The BBC director-general Tim Davie said that the public broadcaster and its journalists must double-down on their commitment to impartiality to win over sceptical audiences, speaking at Reuters Next event yesterday.
Most recent data from the Reuters Digital News Report 2020 shows that just 28 per cent of the British public said they trust the news overall, a number which fell 12 percentage points on the previous year.
The report notes that although the BBC tops the leaderboard as the most trusted source of news in the UK, many respondents felt the organisation pushed or suppressed agendas, especially over polarising issues like Brexit.
Davie said that while social media has been good for facilitating debate on important issues and sharing news stories, it has also brought increased scrutiny from members of the public who have been given a voice. It means that those representing the BBC must behave more carefully online.
BBC staff received new social media guidance in October last year with 24 concrete 'dos and don'ts'. It provides a range of case examples where staff should think twice before posting and advises on how to follow protocol.
For example, journalists should make clear when a post is professional judgement rather than personal opinion, and should not be seen to support any campaigns, even through the use of a hashtag.

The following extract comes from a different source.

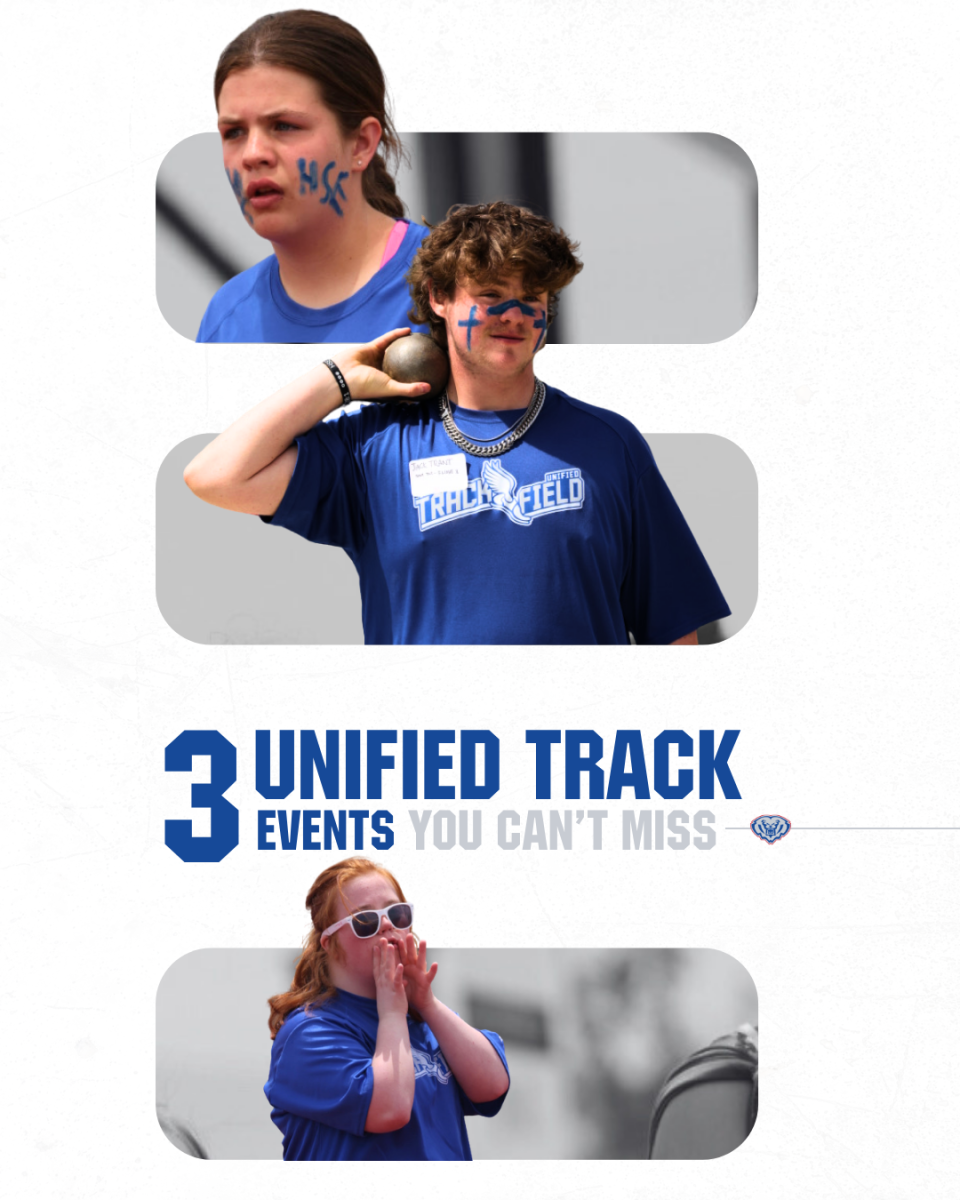 3 Unified Track Events You Can't Miss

Fundamentally, social media posts should not undermine the BBC's integrity or impartiality by staff members stating a personal opinion on public policy, politics or controversial subjects. The guidelines warn that even using an emoji can be seen as taking sides.
Davie added that the guidelines act as an extension of the BBC's commitment to be impartial and not to silence the staff.
"I've always been a fan of big personality, I've always wanted my editors to have a personality and be out there on social media," he says.
"The issue was to reaffirm our vows around social media to be one outlet of our impartial journalism."
It is normal for organisations to ask employees to embody organisational values because, as the guidelines state, audiences do not see the difference between personal and official accounts. It means that disclaimers like "my views, not the BBC’s" are not enough to prevent reputational damage.
Michael Friedenberg, president of Reuters, also speaking at the event, agreed and said that Reuters' guidelines are also not there to "muzzle" journalists but to reinforce company values. This way, journalists avoid becoming the story.
"It's absolutely essential that these platforms are utilised by our journalists," says Friedenberg, referring to newsgathering and fact-checking procedures.
"In editorial, there is always an 'unsend button'. On social platforms, there is no 'unsend button'."
According to Davie, the path to winning back the trust of audiences is through fact-based journalism which is not "dull and dry" but compelling to watch, referring to the BBC's Reality Check, a news service dedicated to debunking false stories.
"We have to be really proactive, we are activists for impartiality," Davie concluded.